:: DATA FOR PROCESSING ::
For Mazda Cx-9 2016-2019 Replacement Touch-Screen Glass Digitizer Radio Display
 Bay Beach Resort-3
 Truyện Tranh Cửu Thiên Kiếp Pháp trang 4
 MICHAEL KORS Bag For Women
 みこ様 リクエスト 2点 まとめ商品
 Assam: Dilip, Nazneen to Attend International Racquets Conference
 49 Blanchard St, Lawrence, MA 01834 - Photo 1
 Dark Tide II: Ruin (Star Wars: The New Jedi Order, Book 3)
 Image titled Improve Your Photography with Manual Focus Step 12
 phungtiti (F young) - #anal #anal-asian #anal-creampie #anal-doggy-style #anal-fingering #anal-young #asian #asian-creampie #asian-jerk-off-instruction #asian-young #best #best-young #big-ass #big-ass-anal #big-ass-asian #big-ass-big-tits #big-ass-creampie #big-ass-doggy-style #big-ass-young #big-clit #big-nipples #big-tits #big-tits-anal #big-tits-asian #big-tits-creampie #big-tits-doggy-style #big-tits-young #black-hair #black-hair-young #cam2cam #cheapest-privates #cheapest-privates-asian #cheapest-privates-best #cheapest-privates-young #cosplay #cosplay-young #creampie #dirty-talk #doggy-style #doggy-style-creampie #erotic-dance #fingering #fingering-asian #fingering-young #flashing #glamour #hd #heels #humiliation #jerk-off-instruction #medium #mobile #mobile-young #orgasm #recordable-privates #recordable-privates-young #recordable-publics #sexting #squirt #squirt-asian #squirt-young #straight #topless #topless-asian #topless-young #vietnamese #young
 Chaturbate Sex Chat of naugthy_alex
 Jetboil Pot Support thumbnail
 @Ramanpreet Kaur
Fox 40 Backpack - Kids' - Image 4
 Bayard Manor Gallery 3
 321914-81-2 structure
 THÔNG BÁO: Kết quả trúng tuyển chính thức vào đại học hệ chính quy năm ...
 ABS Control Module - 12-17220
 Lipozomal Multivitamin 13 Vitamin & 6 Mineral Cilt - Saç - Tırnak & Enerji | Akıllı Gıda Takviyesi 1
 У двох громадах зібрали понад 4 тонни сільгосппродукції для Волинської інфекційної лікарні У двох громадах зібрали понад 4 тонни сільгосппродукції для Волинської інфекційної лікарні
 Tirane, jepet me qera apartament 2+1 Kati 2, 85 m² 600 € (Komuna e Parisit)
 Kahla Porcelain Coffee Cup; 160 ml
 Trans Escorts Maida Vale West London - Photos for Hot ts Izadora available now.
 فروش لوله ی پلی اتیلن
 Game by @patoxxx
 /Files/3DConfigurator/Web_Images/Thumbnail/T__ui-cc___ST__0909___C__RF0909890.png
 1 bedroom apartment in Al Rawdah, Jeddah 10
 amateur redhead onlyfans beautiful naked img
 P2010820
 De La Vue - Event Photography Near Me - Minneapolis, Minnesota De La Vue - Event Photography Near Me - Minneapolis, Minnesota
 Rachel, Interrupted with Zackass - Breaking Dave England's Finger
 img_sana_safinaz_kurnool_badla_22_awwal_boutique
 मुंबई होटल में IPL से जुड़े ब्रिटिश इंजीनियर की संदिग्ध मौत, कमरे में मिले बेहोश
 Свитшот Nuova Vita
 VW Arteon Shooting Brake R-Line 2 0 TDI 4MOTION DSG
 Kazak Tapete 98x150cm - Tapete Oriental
:::
Among the entries, find every line holding "Photography" and return it.

 Image titled Improve Your Photography with Manual Focus Step 12
 De La Vue - Event Photography Near Me - Minneapolis, Minnesota De La Vue - Event Photography Near Me - Minneapolis, Minnesota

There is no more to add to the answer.